From 2cbde0e6fd08b8716225a51d4e11e305b2ba61f0 Mon Sep 17 00:00:00 2001
From: Sanketh Varamballi <sankethv03@gmail.com>
Date: Tue, 20 Sep 2022 17:35:01 -0400
Subject: [PATCH] added static typing to data_utils.py

---
 dataprofiler/data_readers/data_utils.py | 63 +++++++++++++------------
 1 file changed, 33 insertions(+), 30 deletions(-)
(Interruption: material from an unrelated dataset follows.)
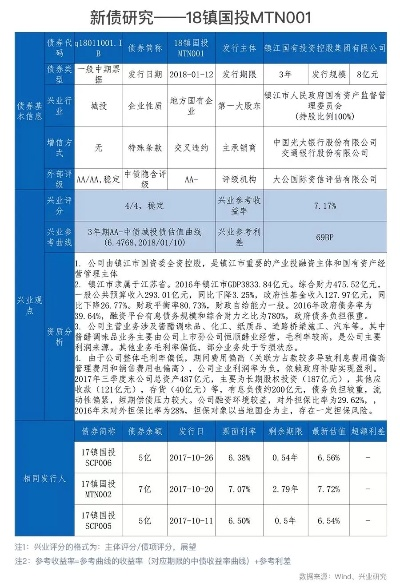2025年10月15日 第9页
diff --git a/dataprofiler/data_readers/data_utils.py b/dataprofiler/data_readers/data_utils.py
index 6e7abeec0..1708b072c 100644
--- a/dataprofiler/data_readers/data_utils.py
+++ b/dataprofiler/data_readers/data_utils.py
@@ -1,10 +1,12 @@
 """Contains functions for data readers."""
 import json
+from logging import Logger
 import re
+from typing import Any, Dict, Generator, Iterator, List, Optional, Tuple, Union, cast
 import urllib
 from builtins import next
 from collections import OrderedDict
-from io import BytesIO, TextIOWrapper
+from io import BytesIO, StringIO, TextIOWrapper
 
 import dateutil
 import pandas as pd
@@ -15,10 +17,10 @@
 from .. import dp_logging
 from .filepath_or_buffer import FileOrBufferHandler, is_stream_buffer  # NOQA
 
-logger = dp_logging.get_child_logger(__name__)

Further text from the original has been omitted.